Geographic ids and weight column#
Variable |
Description |
---|---|
REGION |
3 integers to specify the column index of the region id, household id, and weight column, respectively, in the household file. |
PERSON |
3 integers to specify the column index of the region id, household id, and weight column, respectively, in the person file. |
ZONE |
2 integers to specify the column index of the census tract id and puma id columns in the control total file. |
Data for polaris runs#
POLARIS uses some ACS attributes directly. Currently, the following variables need to be provided:
HHDATA
: 6 integers to specify the column index of the following variables in the household file: household type by tenure, household size, number of vehicles, number of workers, household income, housing unit type.
PERSONDATA
: 17 integers to specify the column index of the following variables in the person file:
age, class of worker, education, employment industry, employment status, gender, wage, work arrival time, work mode, work travel time, work vehicle occupancy, marital status, race, school enrollment, school level, work hours, disability status.
Example: Adding a controlled variable to population synthesis#
Sex is not directly controlled for in the default linker file. However, the seed data contains this information in the SEX
field and the default control data contains this information in the two columns SEX_MALE
and SEX_FEMALE
.
This means we only need to alter the linker file. Gender is a person property, so we will have to alter PERSONDIMS
, PERSONNVAR
and PERSONMARGVAR
. Please note that in the following all values must be tab-separated!
Regarding PERSONDIMS
, line 9 of polaris.prepare.popsyn.linker_file.txt
now reads
PERSONDIMS 7 6 14 2
we have added an additional variable (another entry) with two distinct values (male/female). Regarding
PERSONVAR
, we need to add an additonal line to the file after line 43:
## SEX
PERSONVAR 3 15
Note the first line is a comment for human readability, only the second line is mandatory and processed by POLARIS. The first number, 3, refers to the position of the variable in the PERSONDIMS
properties above - it is the 3rd and last variable defined there (note again all indexes are 0-based). The second number, 15, refers to the column index of the variable (SEX here) in the person seed file.
Regarding PERSONMARGVAR
, we need to add two more lines to the end of the file:
PERSONMARGVAR 3 0 1 2 37
PERSONMARGVAR 3 1 2 3 38
The first number, 3, refers to the variable index defined in PERSONDIMS
again. The second number, 0 and 1, are internal indexes and are 0-based and contiguous. The third and fourth number define the range of the variable values in the seed column corresponding to the control column index defined with the 5th and last number on each line. The first line therefore encodes that column number 37 in the control file corresponds to values between 1 (inclusive) and 2 (exclusive) i.e. to values exaclty equal 1. This corresponds to SEX=male
in the seed file. The second line ties the SEX=female
values to its corresponding control data column, here at index 38.

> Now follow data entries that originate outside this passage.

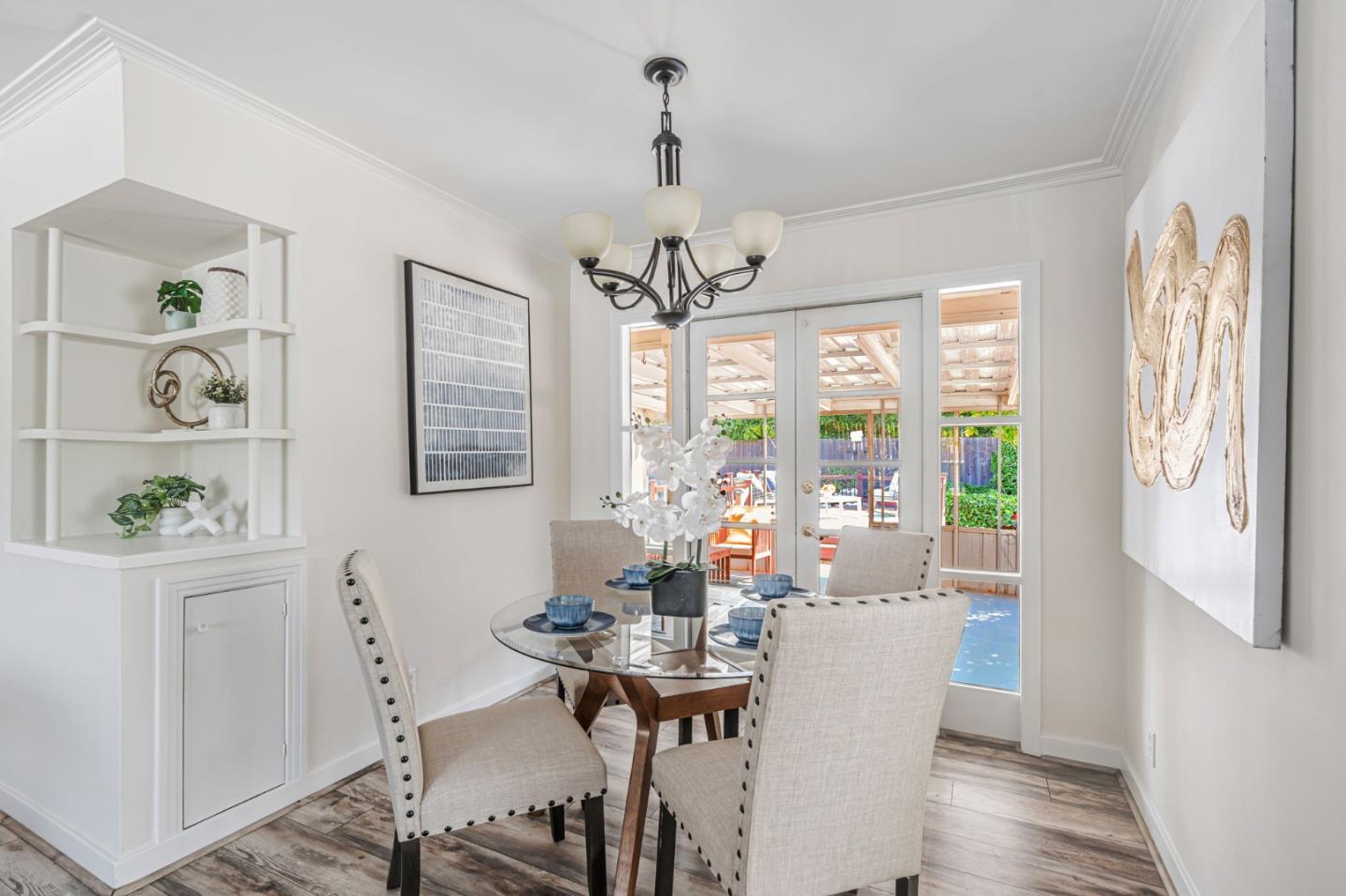 3993 Pasadena Drive San Mateo, CA 94403 - Photo 15 of 40 a view of a dining room with furniture wooden floor and a chandelier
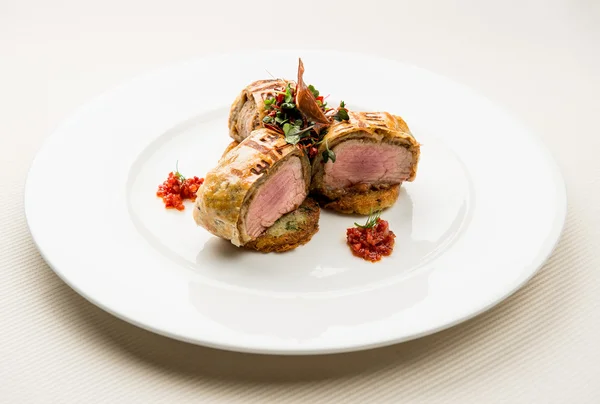 Roasted juicy beef steak with potato pancakes — Stock Photo, Image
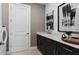 Convenient laundry room with sink, storage, and adjacent washer and dryer hookups at 2741 Serenity Meadow Dr, Kissimmee, FL 34744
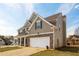 Side view of a two-story home with a large garage, well-maintained lawn, and a classic design at 1009 S Creek Dr, Villa Rica, GA 30180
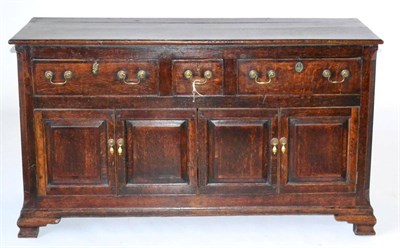 Lot 839 - A George III Oak and Mahogany Crossbanded Enclosed Dresser, late 18th century, with two long...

In our example we did not have to change the seed and control total files. In general, when operating on the seed and control data it is important to note that if you want to use the default linker file, the column order is important because the linker file uses column indexes into seed and control data. This column order in the seed files can be ensured by running
from polaris.prepare.popsyn.seed import filter_seed_columns
hh, ppl = filter_seed_columns(hh, ppl)
For the control data, polaris.prepare.popsyn.control_totals.get_default_group_spec
returns a list in the correct order, which is used in polaris.prepare.popsyn.control_totals.create_control_totals
to create the default control total file. If you want to add additional variables to the control file make sure to append any specifications to the list provided by get_default_group_spec()
.